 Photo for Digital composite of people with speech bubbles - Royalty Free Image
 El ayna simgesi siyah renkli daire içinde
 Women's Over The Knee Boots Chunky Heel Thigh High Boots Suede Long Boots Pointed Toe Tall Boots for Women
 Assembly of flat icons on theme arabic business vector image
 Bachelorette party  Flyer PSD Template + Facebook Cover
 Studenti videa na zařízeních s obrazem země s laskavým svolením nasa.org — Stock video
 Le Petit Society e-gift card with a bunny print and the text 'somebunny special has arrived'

▬▬▬▬▬▬

▶ [Instructions to follow]: Nothing but an exact reproduction of the entries is wanted.

▶ [Completed exercise]:
 Photo for Digital composite of people with speech bubbles - Royalty Free Image
 El ayna simgesi siyah renkli daire içinde
 Women's Over The Knee Boots Chunky Heel Thigh High Boots Suede Long Boots Pointed Toe Tall Boots for Women
 Assembly of flat icons on theme arabic business vector image
 Bachelorette party  Flyer PSD Template + Facebook Cover
 Studenti videa na zařízeních s obrazem země s laskavým svolením nasa.org — Stock video
 Le Petit Society e-gift card with a bunny print and the text 'somebunny special has arrived'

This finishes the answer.